Employers in the State of Illinois must become more aware of their obligations arising under the Income Withholding for Support Act (750 ILCS 28/1 et seq.). This Act provides the authority for a court of law to designate that periodic payments of funds for the support of a child or a maintenance of the spouse can be collected from the Employer of the individual having an obligation to make those payments. It is the obligation of any Employer to deduct from the “income” of any individual the required court-ordered periodic payments from that individual’s income. The term “income” is defined as “wages, salary, commission, compensation as an independent contractor, worker’s compensation, disability payments, annuity payments, pension payments and retirement benefits, lottery prize awards, insurance proceeds, vacation pay, bonuses, profit-sharing payments, severance payments, and any other payment” (750 ILCS 28/15 § D). Obviously, the breadth of income is extremely broad and certainly would cover “any and all” monies paid by an Employer to an employee!

If served with a Support Payment Court Order, it is the obligation of an Employer to deduct within fourteen (14) calendar days following the date on which the Notice Designating Withdrawal is mailed and to forward any amounts so withdrawn to the State Disbursement Unit which is identified on the Court Order within seven (7) business days of the deduction. Failure to make the payment within the seven (7) business days could expose the Employer to a fine of $100 per day for failure to submit the payments before the expiration of the seven (7) business days after deduction (750 ILCS 28/35). It also should be noted that any officer or employee of an Employer who has the control, supervision, or responsibility for withholding and paying over income pursuant to the Notice and who fails to do so may be personally liable for failure to make such deduction and/or pay such deduction to the State Disbursement Unit.

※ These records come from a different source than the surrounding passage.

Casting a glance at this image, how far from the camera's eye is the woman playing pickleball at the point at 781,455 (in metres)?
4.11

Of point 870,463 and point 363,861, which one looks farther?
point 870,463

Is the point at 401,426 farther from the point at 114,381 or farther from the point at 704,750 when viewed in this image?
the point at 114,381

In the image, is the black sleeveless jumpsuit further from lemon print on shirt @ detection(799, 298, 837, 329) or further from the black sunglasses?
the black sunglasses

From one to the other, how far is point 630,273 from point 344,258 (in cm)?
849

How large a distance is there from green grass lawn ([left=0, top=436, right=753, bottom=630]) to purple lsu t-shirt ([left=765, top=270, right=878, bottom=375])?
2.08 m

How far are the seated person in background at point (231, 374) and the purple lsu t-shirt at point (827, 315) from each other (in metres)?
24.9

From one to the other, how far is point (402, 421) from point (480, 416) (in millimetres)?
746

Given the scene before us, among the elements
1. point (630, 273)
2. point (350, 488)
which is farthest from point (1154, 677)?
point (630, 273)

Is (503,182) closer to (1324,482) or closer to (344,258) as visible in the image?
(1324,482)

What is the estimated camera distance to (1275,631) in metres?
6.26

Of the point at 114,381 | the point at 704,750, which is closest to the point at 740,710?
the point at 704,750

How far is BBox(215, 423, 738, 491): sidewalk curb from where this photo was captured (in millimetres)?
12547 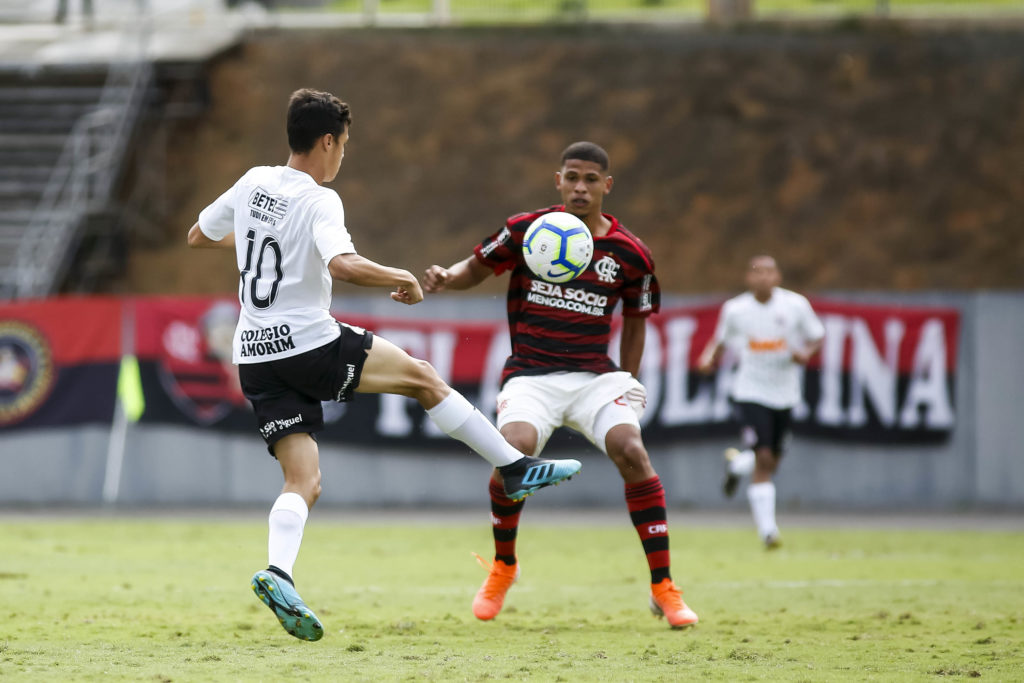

There have been a number of cases in which Employers have found themselves subject of extensive penalties (In Re: Marriage of Miller, 227 Ill.2d 185 (2007) – a penalty of $1,172,100.00 and In Re: Marriage of Gulla, 282 Ill.App.3d 498 (2008) – a penalty of $369,000.00). Both of these cases occurred before the statute was modified in 2012 to require that written notice be given to the Employer of its failure to deduct and/or mail payments timely before the $100.00 per day fine may be imposed.

Regardless of the need for “written notice,” this is not an area for Illinois Employers to become lax or cavalier. Please make certain that any Income Supporting Act Notices are dealt with expeditiously and correctly.